After the origination of ad networks in the early 1990s, they have been developing ever since, along with the surrounding environment of online advertising. In the 2010s, programmatic buying has occurred, which has largely increased the speed of contracting in the industry. Now, in 2019, over 80% of all online advertising is bought and sold in a programmatic manner (and analysts predicting the increase to over than 90% by the end of 2020).

Programmatic buying and selling of ad inventory happen in Ad Exchanges, Demand-Site Platforms (DSPs) and Supply-Side Platforms (SSPs). They are sort of aggregators of information from publishers, advertisers, and ad networks, so it is no wonder that people get confused often – even those who have been working in this or relating areas. Let’s find out the key differences among them all.

The differences among ad networks, ad exchanges, DSP and SSP

Ad network solutions are aggregators of information about the ad inventory that is put for sale by publishers. Advertisers can buy this inventory at fixed prices. There is no automation here.

Ad exchanges introduce automation – which is called ‘programmatic’. Inventory of all kinds is bought and sold through fast-living online auctions, which allow selling inventory at the exact moment of time when it is needed – in an online manner, as the visitor enters the site. At the moment of entry, it is not defined what commercial he or she is about to see. In some milliseconds, the data about the site and visitor is collected, matched with the predefined ongoing advert companies of a batch of advertisers for this region and types of visitors, and during an online auction, the winner amongst the advertisers is defined – the one who pays a better price. Its ad is rendered on the screen of a visitor. This approach allows targeting the audience in an ultra-precise manner, largely increasing the possible outcome of action on the side of a user.

DSP is a platform, which aggregates data from multiple advertising networks, ad exchanges, and SSPs and is used by advertisers. It is convenient because everything’s gathered in one interface and so ad campaigns are easy to manage. Multiple campaigns involving multiple publishers can be managed here, as well as other actions can be done – buying inventory, analyzing contracts and campaigns.

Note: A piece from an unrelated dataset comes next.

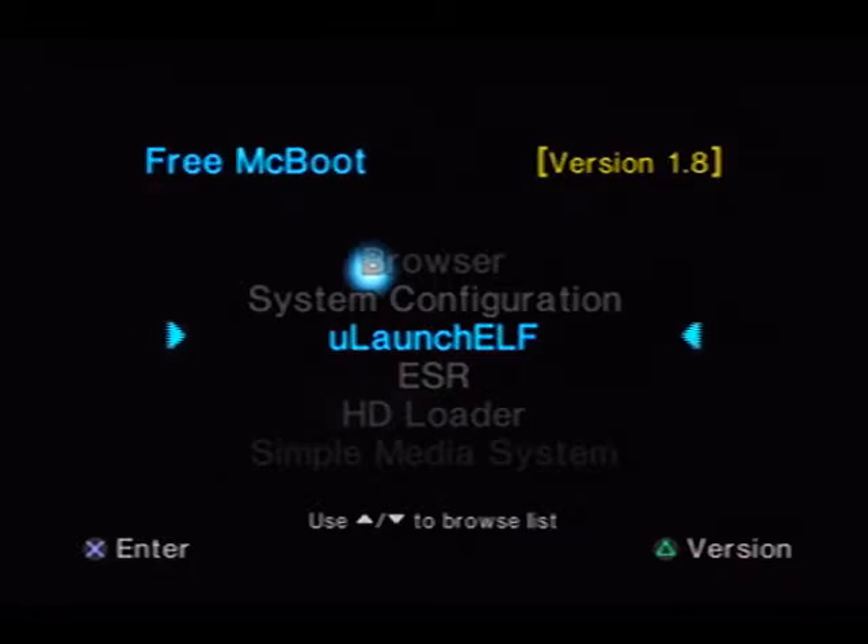And then, after you unzip it, put it on your flash drive, put your flash drive in your PlayStation, and go ahead and launch UlaunchELF.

SSP is a platform, which aggregates data from multiple ad networks, ad exchanges, and DSPs and is used by publishers. It is convenient because everything’s gathered in one interface and so ad inventory is easy to manage. Multiple inventories from multiple sites can be managed here, as well as other actions can be done – selling inventory, managing its availability, analyzing contracts and campaigns.

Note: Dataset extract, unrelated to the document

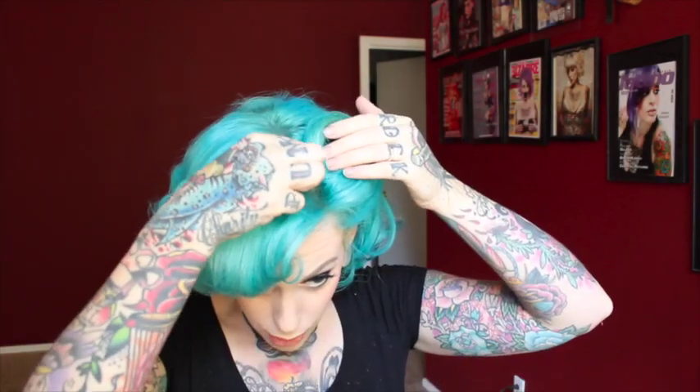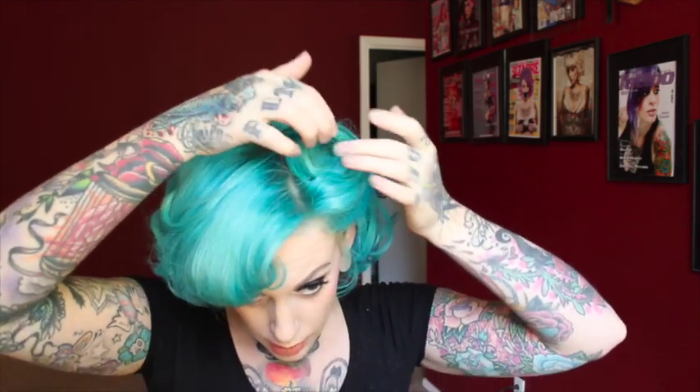Then just take a bobby pin and anchor it from the back first, and I would recommend anchoring it from the front also. Try to hide your pins so you can't see them — there's nothing worse than being able to see the hair pins. There are different ways of doing victory rolls: you can have them so they're almost standing up at the front, or you can have them more at an angle like this. The main thing is that you have a lot of volume on the side.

As you see, advertising platform companies are on the lower level in the hierarchy of informational exchange in the modern world of online marketing. Using DSPs, it is possible to see the aggregated information from everywhere (even other DSPs, as there are many of them exist, as well as SSPs).

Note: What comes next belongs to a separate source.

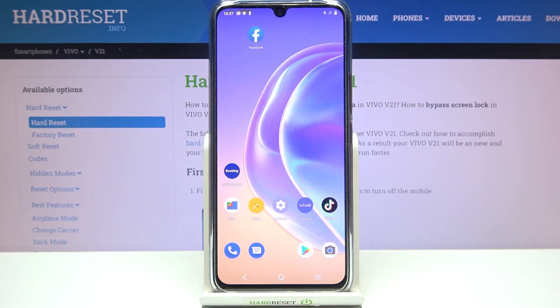So actually this is it — this is how to set the screen timeout on your Vivo V21. Thank you so much for watching. I hope that this video was helpful, and if it was, please hit the subscribe button and leave a thumbs up.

What are the tangible differences of qualities between an ad network and DSP?

To make things even clearer for you, we are now gathering for you discrepancies between the two:

Ad network:

  1. Does not allow programmatic inventory trade, as it was not destined for that.

  2. Aggregates only information from publishers and sells it to advertisers registered on the platform directly.

  3. Has fixed prices (which, however, may differ from the prices that publishers usually ask for their inventory).

  4. Requires a lot of manual work and it is impossible to work with programmatic.

  5. Based on contractual obligations and operates with thousands of impressions of ads.


  1. Allows programmatic.

  2. Operates with separate pieces of each and every ad impression, allowing reaching your target audience directly and with a much better result.

  3. Aggregates information from multiple publishers, advertisers, ad networks, SSPs, and other DSPs.

  4. Has floating prices, which change every millisecond.

  5. A little degree of manual work.

A lot of marketers name DSP and SSP networks the next generation of ad networks. Indeed, after nearly 30 years of originating ad networks, the market needs have dramatically changed and evolved alongside evolution in every aspect of human life. Ad networks can no longer cover the essential needs of modern users, while DSPs and SSPs can.